(CN) – The father of a 22-year-old soldier killed in the 1996 bombing of a U.S. military base in Saudi Arabia was awarded $5.15 million in punitive damages by a federal judge in Washington, D.C.
Joseph Rimkus had won a judgment against Iran, the Iranian Ministry of Information and Security and the Iranian Revolutionary Guard Corps in 2008, but the court awarded $5 million in compensatory damages and no punitive damages, because the laws at that time did not allow for punitive damages.

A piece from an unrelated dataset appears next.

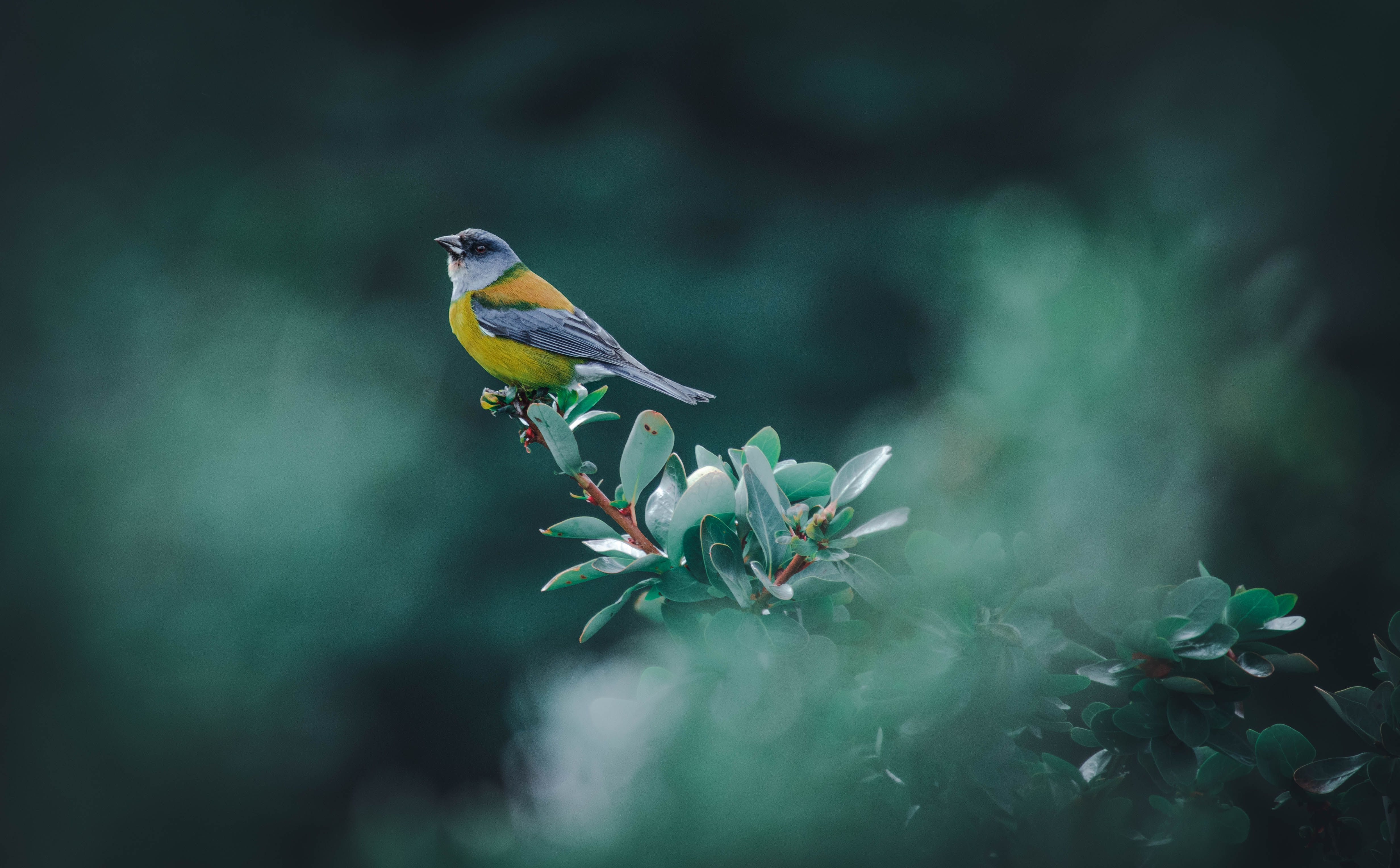 Colorful Bird Perched on Foliage in Nature · Free Stock Photo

Rimkus’ son, Joseph Edward, was one of 19 U.S. Air Force personnel killed in the June 25, 1996 bombing of a military residence called Khobar Towers. Hundreds of others were injured in the blast, which reduced a building to rubble.

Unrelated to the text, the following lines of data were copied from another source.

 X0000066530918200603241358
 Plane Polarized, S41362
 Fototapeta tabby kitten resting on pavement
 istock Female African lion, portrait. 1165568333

“At the time, this was the largest non-nuclear explosion to have ever occurred,” according to the ruling.
Chief U.S. District Judge Royce Lamberth noted that Congress has since enacted the National Defense Authorization Act (NDAA), which created a new state-sponsored terrorism exception that allows victims of terrorist acts to recover punitive damages.
With the new legislation, Rimkus filed an action seeking $2 billion in punitive damages.
“Rimkus I plainly establishes that a civil – indeed, an inhuman – wrong has occurred,” Lamberth wrote. “The court thus does not hesitate to permit plaintiff to pursue punitive damages here.”
Lamberth added that Rimkus’ action aligns with the intent of Congress in passing NDAA.
“The case before the court fits the model that Congress envisioned when passing the NDAA,” Lamberth wrote. “Here, Mr. Rimkus has already successfully pursued an action against defendants for their heinous conduct under the former exception and obtained a judgment for compensatory relief.”
In deciding to award $5.15 million in punitive damages, Lamberth cited a ruling in a seperate lawsuit against Iran that stemmed from the same terrorist attack that killed Rimkus’ son. In Heiser II, the court awarded $1.03 in punitive damages for every dollar of compensatory damages awarded.